2.4 Per 1 december 2015 heeft Verzekeraar aan Consument een volledige premievrijstelling verleend omdat Consument 80 – 100 % arbeidsongeschiktheid was. Per die datum heeft Verzekeraar de betaling van provisie aan de tussenpersoon beëindigd.
2.5 De verzekering is per 1 juni 2017 op verzoek van Consument afgekocht. Verzekeraar heeft onverplicht tot 1 augustus 2017 de arbeidsongeschiktheidsrente aan Consument betaald.

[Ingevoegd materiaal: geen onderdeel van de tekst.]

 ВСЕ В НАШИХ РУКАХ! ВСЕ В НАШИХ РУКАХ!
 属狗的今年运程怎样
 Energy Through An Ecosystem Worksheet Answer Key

2.6 Op 3 juli 2017 heeft de tussenpersoon mede namens Consument schriftelijk een klacht bij de directie van Verzekeraar ingediend. In de betreffende brief is het volgende te lezen:
“(…)
Volledige premievrijstelling houdt in de volledige premie en niet de premie minus de provisiebeloning van het intermediair. De zorgplicht van [Bedrijfsnaam tussenpersoon] houdt n.l. niet op met volledige premievrijstelling van deze pensioenpolis die voor een onbepaald deel deel uitmaakt van een in eigen beheer gehouden pensioenregeling. Conform de dienstenwijzer van [Bedrijfsnaam tussenpersoon] (zie inzet hieronder) wordt ontvangen provisie verrekend met de adviesnota’s aan de [naam Consument] voor zijn pensioenregeling. Door de provisie niet langer uit te betalen doet u begunstigde tekort en geniet hij als het ware geen korting meer op de nota’s van [Bedrijfsnaam tussenpersoon].

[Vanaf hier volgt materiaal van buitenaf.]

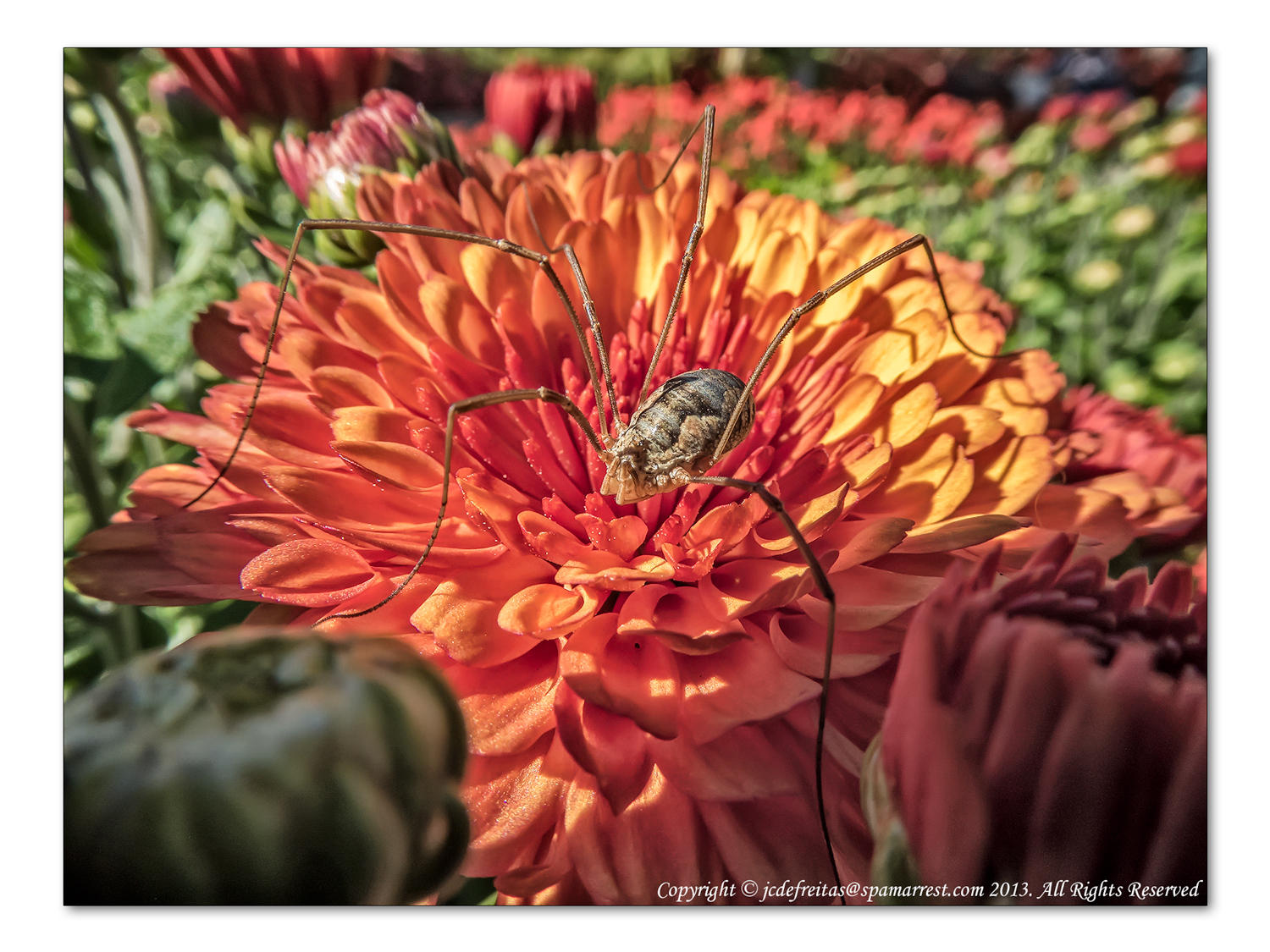 2014 - Spider, Rosetta McClain Garden - Toronto, Ontario - Canada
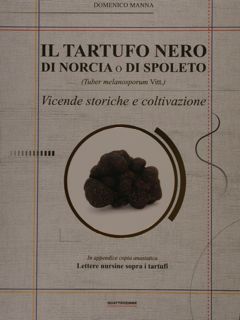 IL TARTUFO NERO DI NORCIA O DI SPOLETO (tuber melanosporum …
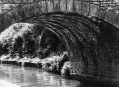 MLHS_plucksbridge.jpg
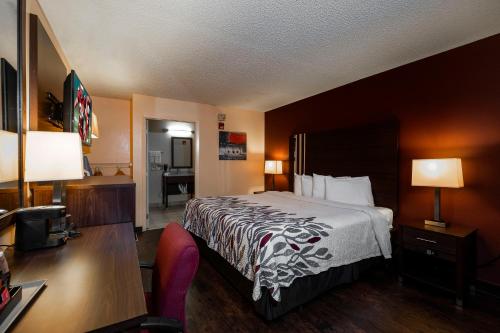 a hotel room with a bed and a desk at Red Roof Inn Valdosta - University in Valdosta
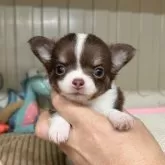チワワ(ロング)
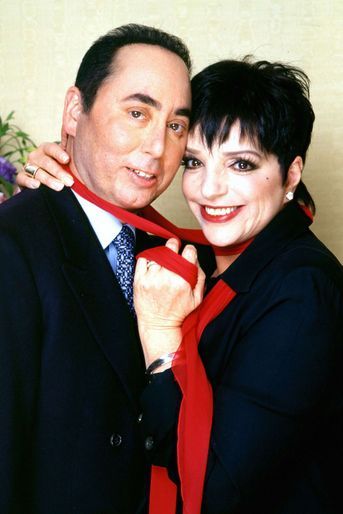 David Gest et Liza Minnelli se sont mariés en 2002. Moins de deux ans plus tard, les deux se sont mutuellement accusés de violences, de tentatives d&#039;empoisonnement, intentant des actions en justice pour plusieurs millions de dollars afin d&#039;obtenir réparation. Les deux ont finalement trouvé un accord trois plus tard, en 2007, abandonnant les poursuites.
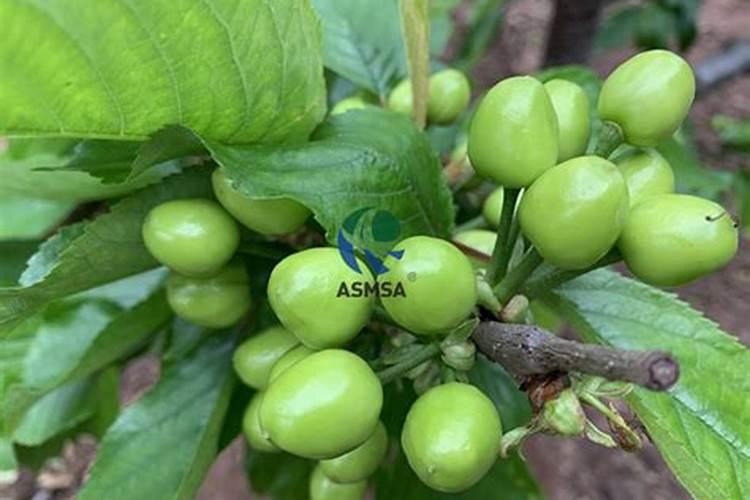 花盆里种樱桃树发牙了用什么当肥最好？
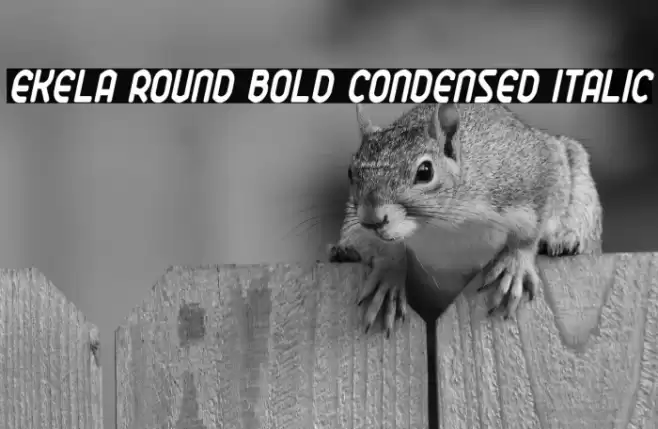 Ekela Round Bold Condensed Italic Font examples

Ik verzoek u dan ook met terugwerkende kracht deze provisie uit te betalen of een voor toetsing vatbaar standpunt in te nemen door een externe arbiter.
(…)”
2.7 Bij brief van 27 juli 2017 heeft Verzekeraar onder meer het volgende aan de tussenpersoon geantwoord:
“(…)
Premievrijstelling en doorlopende provisie
Doorlopende provisie wordt op grond van de provisieregeling niet toegekend over het deel van de premie waarvoor premievrijstelling is toegekend. Het feit dat u geen doorlopende provisie ontvangt en/of het feit dat [naam Consument] nu (meer) advieskosten aan u is verschuldigd betekent niet dat [naam Verzekeraar] de premievrijstelling onjuist uitvoert.
(…)
De verrekening van beloning inzake de doorlopende provisie is een beloningsafspraak tussen u en [naam Verzekeraar]. U maakt vervolgens zelf de overweging om de niet ontvangen provisie wel
direct door te berekenen richting de klant. Dit is echter een voortvloeisel uit de beschrijving van uw eigen dienstverleningsdocument, verwoord aan de klant.
Besluit
Op basis van het bovenstaande wijzen wij uw verzoek tot het met terugwerkende kracht vergoeden van de doorlopende provisie af. [naam Verzekeraar] is geen partij in de dienstverlening en verrekening tussen van u naar [naam Consument].
(…)”.
Verzekeraar heeft dit standpunt nadien gehandhaafd.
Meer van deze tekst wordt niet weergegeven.